Eastern Correctional in Napanoch has dairy, beef, beef processing, and a sawmill as part of their farm operation, and employs nine corrections officers, and six civilians, says Kriss. However, the facility's program operates at an annual loss of $460,000, a figure which swells in size when considering that eleven other state-run prisons all operate similar money-losing programs.
Add to that the fact that many of the prisoners come from urban environments, and as such, may not benefit much from vocational farm training upon their returns home, and the decision to cut the farm programs makes fiscal sense.
"We want to give them practical, marketable skills they can use to get jobs," says Kriss.
The farms' programs also provide a portion of the food for the inmates, though not a very significant amount. "You're giving 61,000 inmates three meals a day — that's a lot of food.

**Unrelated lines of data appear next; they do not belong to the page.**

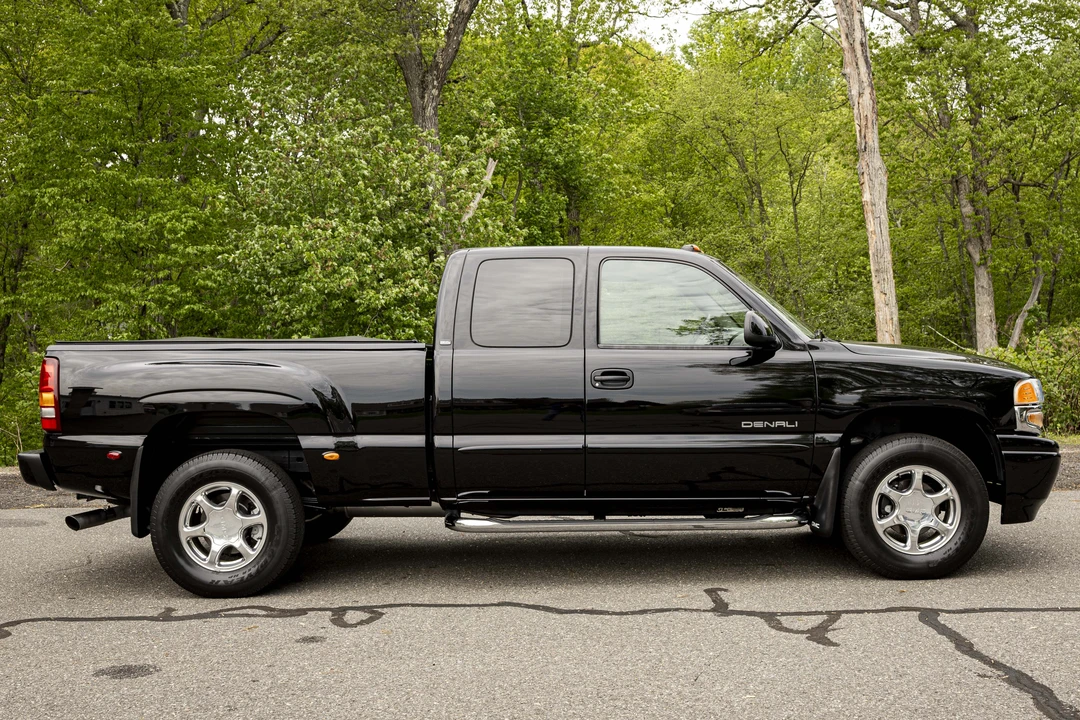 2003 GMC Sierra 2nd Gen - Image 6 of 31
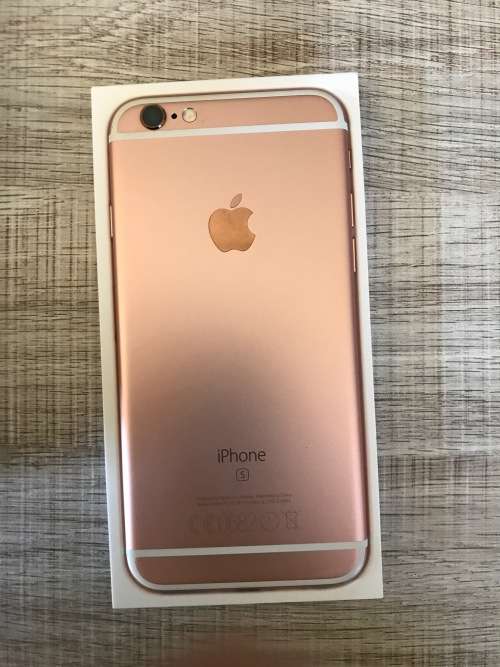 IPHONE 6S 128GB ROSE GOLD. COMES IN ITS ORIGINAL BOX WITH ALL ITS ACCESSORIES. Excellent CONDITION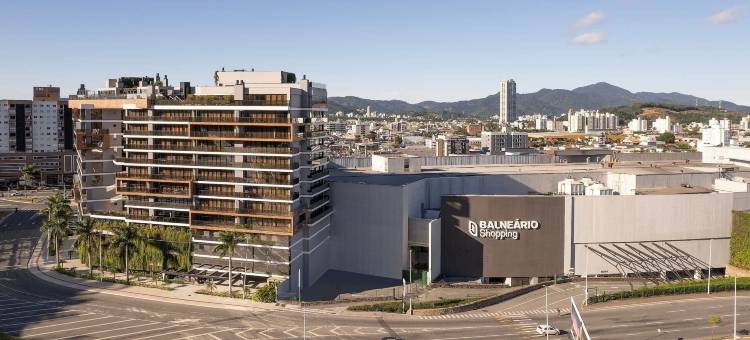 Viva 的 The Spot One - 豪华且直通 Balneário 购物中心(The Spot One by Viva - Luxo e Acesso Direto ao Balneário Shopping)图片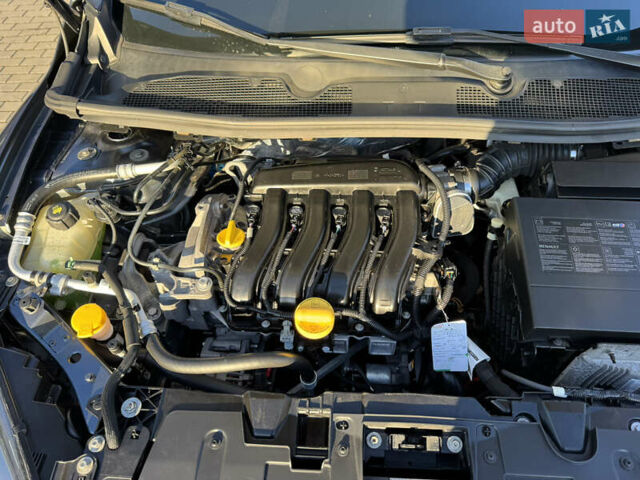 Серый Рено Меган, объемом двигателя 1.6 л и пробегом 191 тыс. км за 10850 $, фото 37 на Automoto.ua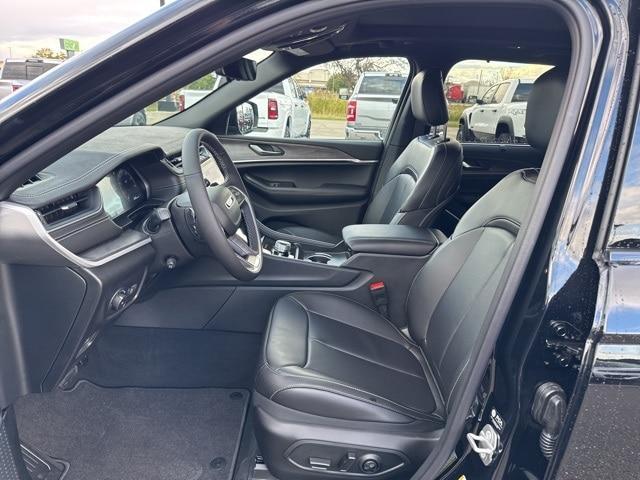 new 2025 Jeep Grand Cherokee car, priced at $54,835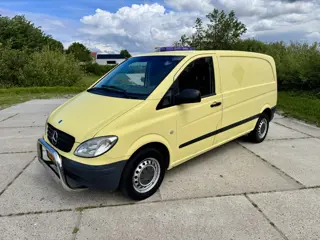Mercedes-Benz Vito 109 CDI airco 2 zits trekhaak (bj 2010)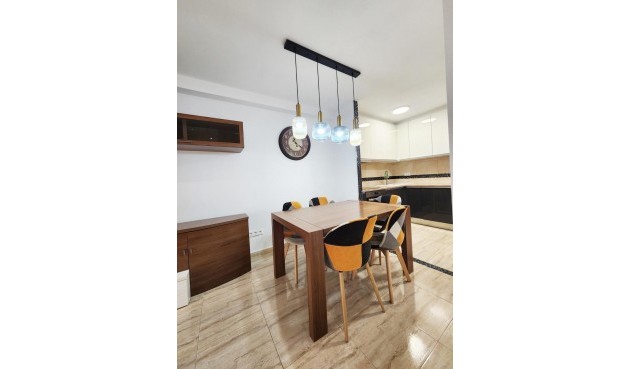 Brukt - Apartment -
Torrevieja - Playa del Cura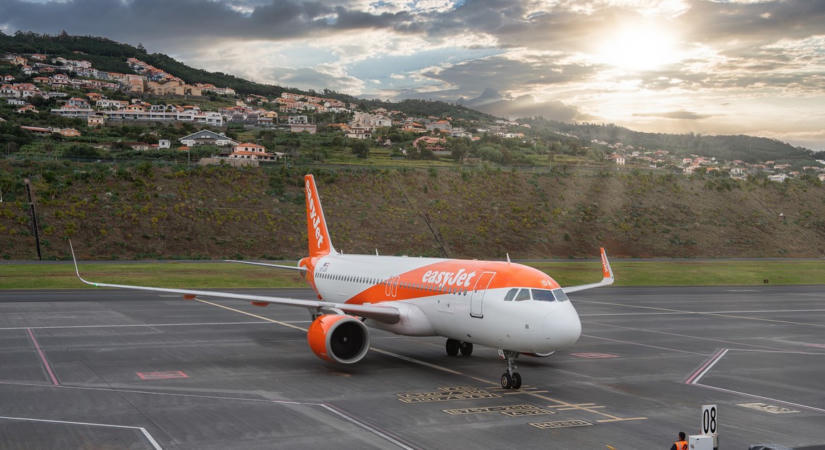 Rémálom a repülőn: kigyulladt az easyJet gépe, minden utast evakuáltak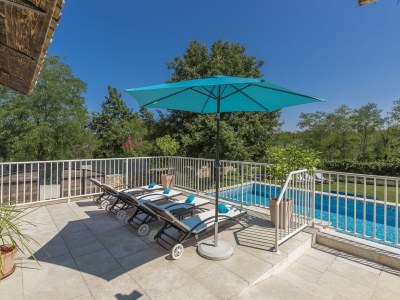 Villa Lipica with pool - Outdoor photo 7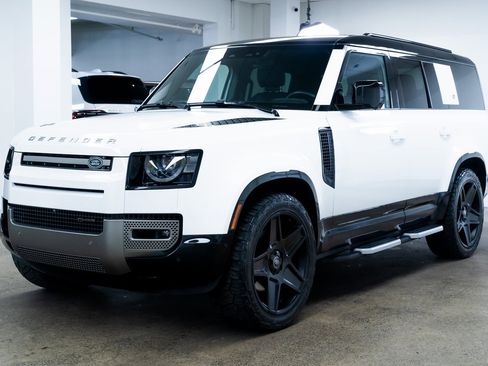 Used 2023 Land Rover Defender 130 X-Dynamic SE image 3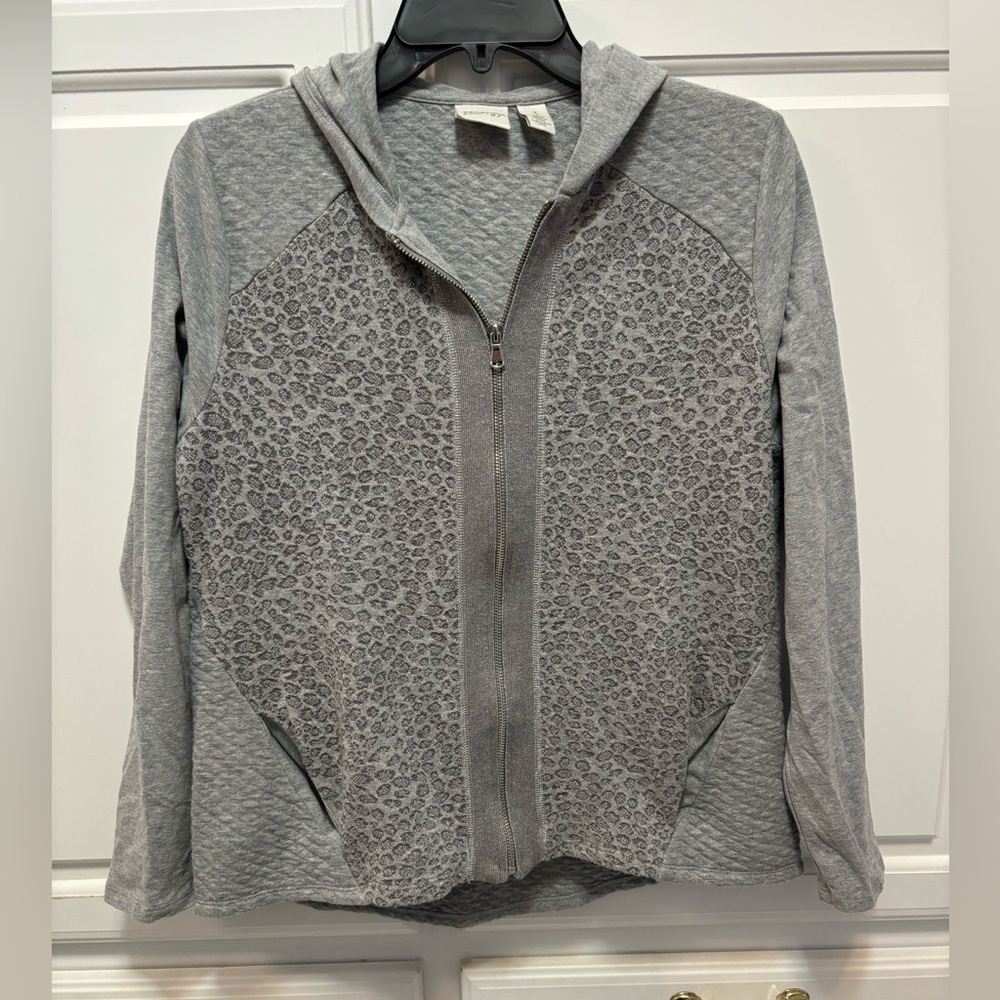 Chico’s Zenergy Jacquard Quilted Mix Zip Up Gray Jacket Size Medium Chico’s 2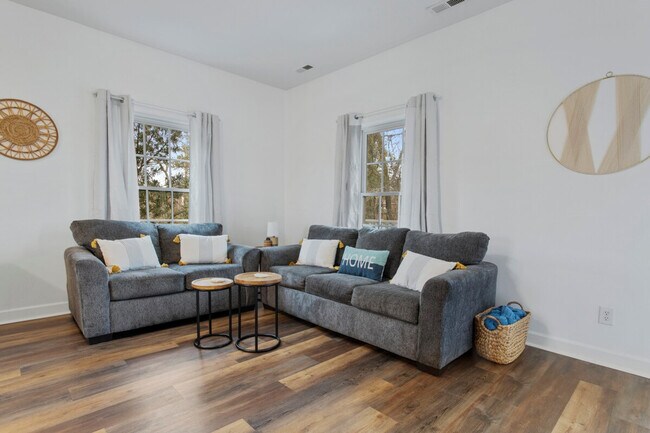 Foto del edificio - 343 Henderson Ave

The farms are productive, but most of the food is not grown on our farms," he says.
The farm programs employ 39 corrections officers and 41 civilian employees, though Kriss points out that no one will be laid off because of the cuts. The corrections positions will be phased out through attrition — meaning that positions which become vacant will not be filled — and the DOC is working with the Department of Civil Service to try and find new jobs within the system for the civilian employees, though Kriss points out that such placement is not guaranteed.
However, another question this cut raises regards just what will happen to the land on which the farms have been operating. John Adams, Napanoch resident and farmland preservation advocate, is looking to find an answer.
"For the last thirteen years, I've been trying to convince the state that they should put agricultural conservation easements on the prison land," he says. "The way the law is right now, as long as the land is under the jurisdiction of the Department of Corrections, it can't be done." However, were the land transferred to another state agency's jurisdiction, the easements could be added.
He's hoping that now that the prison's farm operations will be ended, the land can have those easements placed on them, thereby ensuring that they stay viable farmland in New York State. Without such easements, the land could be sold to a developer who could, conceivably develop housing on the land, which would then in turn destroy the land's agricultural possibilities, as well as limit the amount of tax-revenue the currently untaxed land could generate for local municipalities.
According to Kriss, the DOC is undecided regarding how the farms — land and equipment, both — will be decommissioned, and is looking to the Department of Agriculture and Markets for assistance in that regard. The land and equipment may be sold or leased to private farms, which would likely be able to run farms on the land with much greater cost effectiveness and efficiency.
"I'm sure it costs us a lot more to run a farm than it would a private entity because they don't have to provide security," he says.
"Everybody has to look at the big picture," says Kriss. "This state, more than any other state relies on Wall Street for revenues. In fact, New York State government relies on Wall Street for 20% of its revenues…and everybody knows what's happening with Wall Street.
"As a result, every agency has to look for savings and efficiencies, and we have to do our part. And to the extent that we can close farms that lose money and that don't have the highest priority in terms of giving inmates skills they need for when they get back home, we've got to do those things."